Outro dia falávamos sobre o tal do livre arbítrio. Eu sabia que ele daria respostas curtas e objetivas, como um bom ocidental professor de engenharia. Quando perguntei por que tinha comprado doce de leite com nozes para sobremesa, ele respondeu: porque as pessoas acham nozes chique!

Mas ele é categórico: somos livres para fazer nossas escolhas e responder pelos seus atos, o que os religiosos chamam de livre arbítrio. Aí eu cutuco, e tento dizer que: como podemos ser livres, inseridos desde a concepção, em um sistema político, social e cultural, onde escolhas são feitas a partir de um leque intencionado e limitado?

Treta!

Continuamos a conversa, agora mais acalorada, pois ele continuou defendendo que todos possuímos o tal do livre arbítrio e eu dizendo que considero a liberdade de escolhas uma utopia. Porém, não posso discordar totalmente do meu marido. Há de fato algum tipo de liberdade, a programada e a disciplinada.

A liberdade programada é aquela em que nossas escolhas são feitas a partir de escolhas anteriores e independentes de nós, que está ligada ao meio em que nascemos e crescemos. Ou seja, escolhas influenciadas sem qualquer compromisso individual.

Como é o caso do peso decisivo da cultura em uma sociedade: Na Escócia, homens vestem saias. Em algumas áreas da Nigéria, a poligamia é uma prática comum e um homem pode ter até quatro esposas. Na Índia, o branco é a cor da morte e do luto usada em cerimônias fúnebres por homens e mulheres. Na cultura indígena, a religião é o culto aos elementos da natureza, como o Sol, a Lua e as florestas, considerado um pecado mortal para os cristãos.

Visto isso, existe também a liberdade disciplinada, e dessa eu gosto mais.
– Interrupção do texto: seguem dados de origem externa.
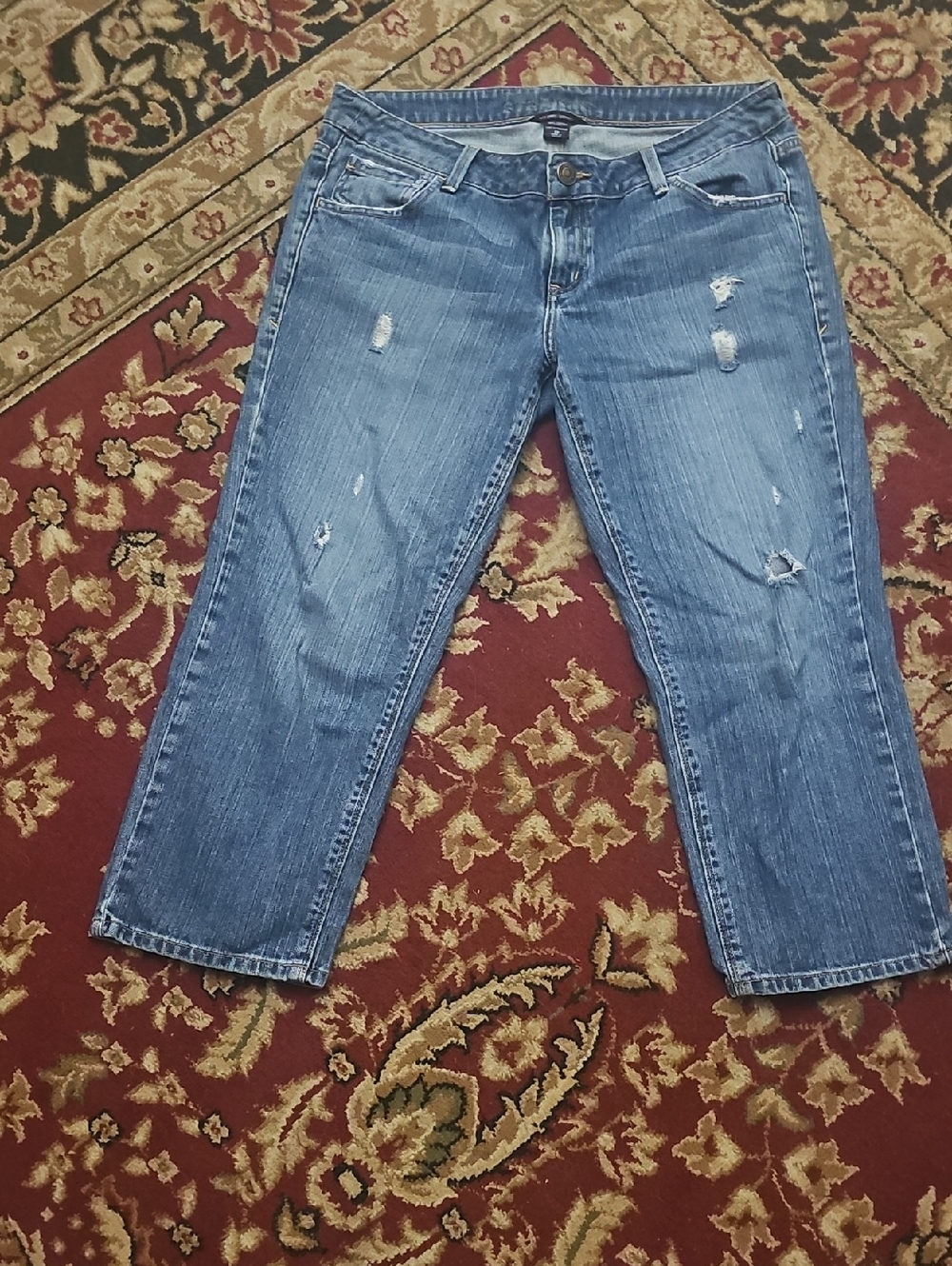 ⚜️New York & Company Distressed Blue Straight-Leg Jeans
Dentro da literatura védica*, o berço da YOGA, só é possível alcançar a liberdade a partir da autodisciplina e controle dos sentidos.

O autoconhecimento é o único caminho para a liberdade, pois, pelo viés da YOGA, precisamos de um grau muito avançado de desprendimento, desapego e consciência do próprio ser para fazer as escolhas de forma livre. E quanto maior a disciplina, mais livres nos tornamos.
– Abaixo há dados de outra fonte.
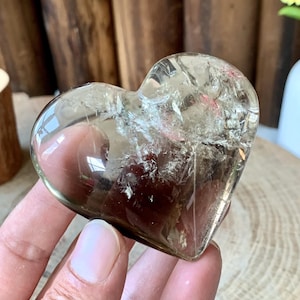 Gorgeous! Natural Smoky Quartz Rainbow Heart, Healing Crystal Gifts for Lover, Hand-Carved Crystal Home Decor.Random 1PC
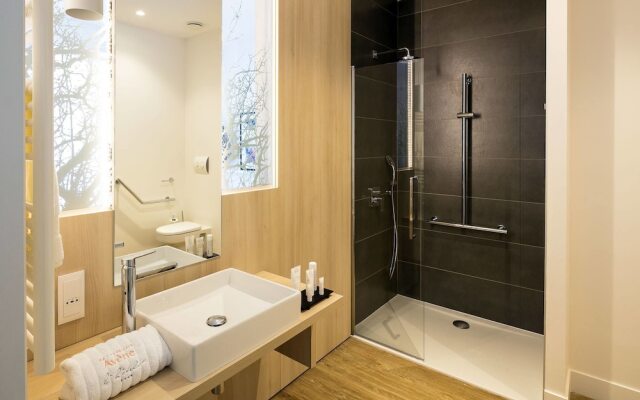 Eau Thermale Avene L'hotel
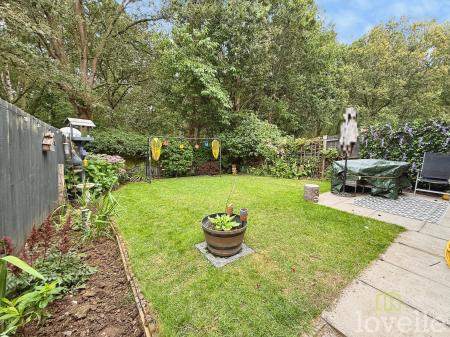 3 bedroom End of terrace house for sale in Pinewood Crescent, Lincoln, LN6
Muitas vezes olhamos para a disciplina como algo dolorosamente imposta. Mas, ao contrário disto, a disciplina nos leva a liberdade dos sentidos, que são lobos na pele de cordeiro. Sabe aquela preguiça de acordar cedo, aquele desejo incontrolável por doces ou aquela fantasia sexual? Esses são os seus sentidos mandando e desmandando nas suas escolhas diárias e te mantendo refém de si mesmo.

A disciplina fortalece o ser, os sentidos sussurram no seu ouvido "só mais 10 minutinhos", "um pedacinho só não mata", "mas todo mundo faz, então eu também posso".

Quando eu escolhi escrever sobre este assunto, estava me baseando em um conhecimento limitado, de uma cultura ocidental, de uma situação social confortável e pelo meu interesse pela filosofia. E o que tem de livre na minha escolha? Acho que nem a fonte desse texto, já que ela era a opção gratuita. Se tivesse nascido na China, talvez estaria agora trabalhando na produção de capinhas para celular.

Enfim, acaso eu até acredite nessa tal liberdade, remotamente, mas estou certa de que só é possível acessá-la através da disciplina e de um olhar crítico, holístico e panorâmico sobre si, ou seja, só mesmo sendo um Buda.


E se livre arbítrio significa dar ao homem a liberdade de escolha entre o caminho do bem ou do mal, é preciso, antes de tudo, saber o que o bem e o mal representam. Caso contrário, esta seria uma armadilha para pegar desavisados, como é o caso de qualquer mortal na Terra.



*A literatura védica é constituída de escrituras sagradas, escritas há mais de 5 mil anos.